|
|
'Lekelenmeme hakkı'
Türkiye'de yıllardır basının kişi haklarını karaladığı, insan onuruna değer vermediği tartışılır. Medyanın geçmiş bilançosuna baktığımızda bu eleştirilerin bir kısmının haklı olduğu kanaatine varmak da mümkün aslında. Ancak biz basını tartışırken, yüce yargıda insanı hayrete düşüren bir olay yaşandı. Bildiğiniz gibi, Anayasa Mahkemesi aynı zamanda Yüce Divan görevi görüyor ve bu sıfatla eski Başbakan Mesut Yılmaz ve bakan Güneş Taner'i yargılıyor. Yüce Divan'daki son duruşmada, hukuk eğitimi almış bir insan olarak rüyamda görsem inanamayacağım bir gelişme yaşandı. Mahkeme Başkanı Mustafa Bumin, Turgut Yılmaz'la ilgili "imzasız bir mektup"la gelen iddiaları duruşma ortamına taşıdı, bununla yetinmedi; bu mektubu tutanaklara geçirtti. "İmzasız mektup"la insanları karalama, haklarında asılsız iddialarda bulunma yöntemi totaliter sistemlere özgüdür. Gerek Hitler, gerek Stalin rakip gördükleri isimleri bu yöntemle temizlenmişlerdi"
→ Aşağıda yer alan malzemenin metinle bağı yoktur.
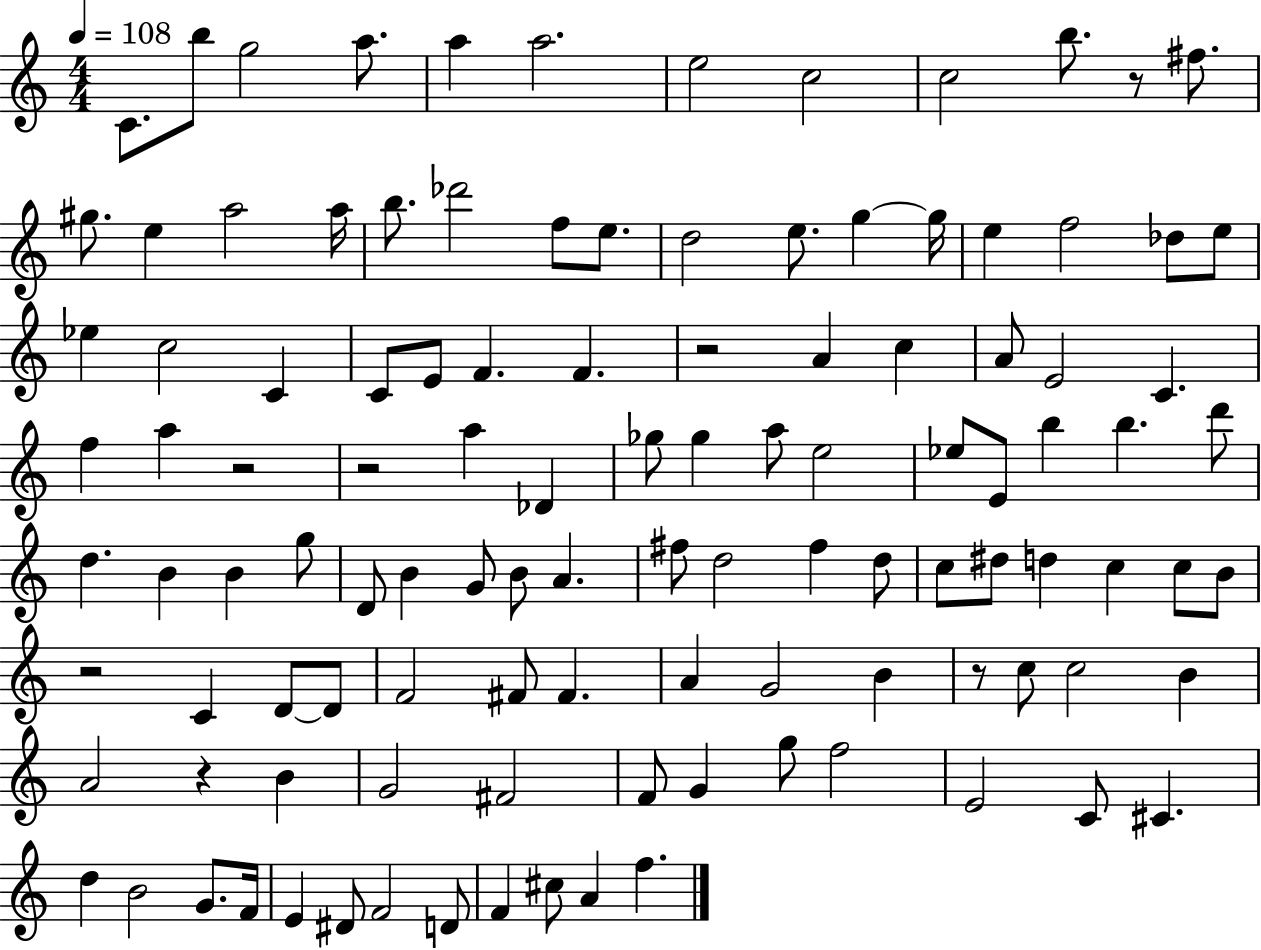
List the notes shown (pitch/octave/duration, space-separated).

C4/e. B5/e G5/h A5/e. A5/q A5/h. E5/h C5/h C5/h B5/e. R/e F#5/e. G#5/e. E5/q A5/h A5/s B5/e. Db6/h F5/e E5/e. D5/h E5/e. G5/q G5/s E5/q F5/h Db5/e E5/e Eb5/q C5/h C4/q C4/e E4/e F4/q. F4/q. R/h A4/q C5/q A4/e E4/h C4/q. F5/q A5/q R/h R/h A5/q Db4/q Gb5/e Gb5/q A5/e E5/h Eb5/e E4/e B5/q B5/q. D6/e D5/q. B4/q B4/q G5/e D4/e B4/q G4/e B4/e A4/q. F#5/e D5/h F#5/q D5/e C5/e D#5/e D5/q C5/q C5/e B4/e R/h C4/q D4/e D4/e F4/h F#4/e F#4/q. A4/q G4/h B4/q R/e C5/e C5/h B4/q A4/h R/q B4/q G4/h F#4/h F4/e G4/q G5/e F5/h E4/h C4/e C#4/q. D5/q B4/h G4/e. F4/s E4/q D#4/e F4/h D4/e F4/q C#5/e A4/q F5/q.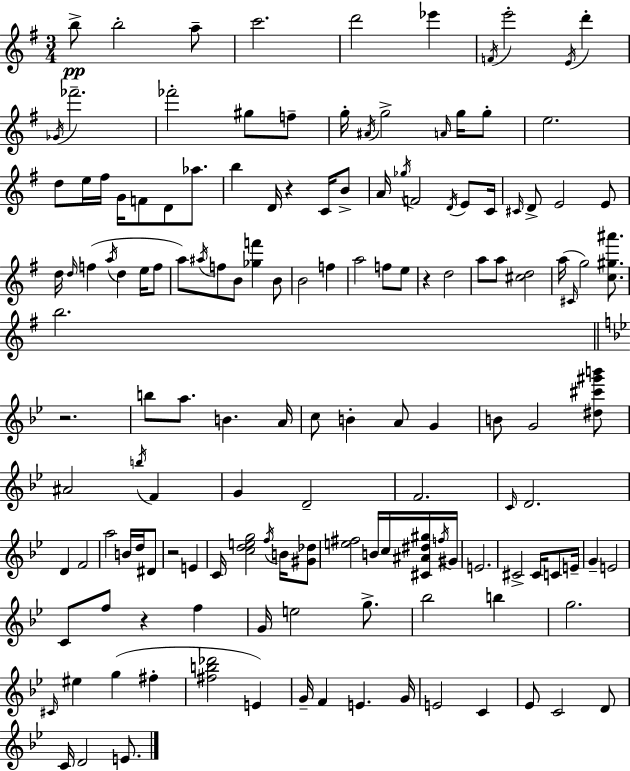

Türkiye ise AB'ye girme iddiasındaki bir ülke. En üst yargı merciinde bu olayın yaşanması, kişi haklarına saygılı bir hukuk devletinde olmaması gereken bir durum. Çünkü; Turgut Yılmaz'a ağır ithamlarda bulunulan, imzasız ve ne idüğü belirsiz bu mektubun bana göre yasal ve hukuki değeri yok. Bu sebeple de mektubun duruşmada okunmaması hatta dosyaya dahi konmaması gerekirdi. Bu bakımdan Sayın Bumin'in mektuptaki iddiaları duruşmada alenileştirmek yerine eğer içeriğinin araştırılmasına gerek görüyorsa, doğrudan başsavcıya göndermesi ve gerekiyorsa araştırma yapmasını istemesi daha doğru olurdu. Böyle yapılmadığı içindir ki kanımca Sayın Bumin, Turgut Yılmaz'ın kişilik haklarının ve bu hakların başında gelen suçsuz yere "lekelenmeme hakkı"nın ihlaline sebebiyet vermiştir. Eski İstanbul Barosu Başkanı Yücel Sayman'ın, eski DGM savcısı aleyhine açma hakkı kazandığı dava, savcıların bile "lekelenmeme hakkı"nı çiğneyemeyeceğini ortaya koydu. Kaldı ki, Turgut Yılmaz bu mektupta dile getirilen banka ve hesap numarasının tümüyle sahte olduğunu duruşma sonrasında belgelere dayanarak açıkladı. Kişilik hakkı ihlali siyaseten rakibiniz veya hakkında menfi duygular beslediğiniz birisi için dahi yapılmış olsa, bu haksızlığa yine de karşı çıkılması gerekir. Çünkü; yol bir kere açılır ve kabul görürse, bir zamanların Mc Carthy dönemi Amerikası'ndaki gibi, Türkiye'de de sıranın kime geleceğini kestirmek mümkün olmayabilir. Temel kişilik haklarına saygıyı talep ederken, görevli yargıçların da bu özeni göstermesini beklemek hakkımız.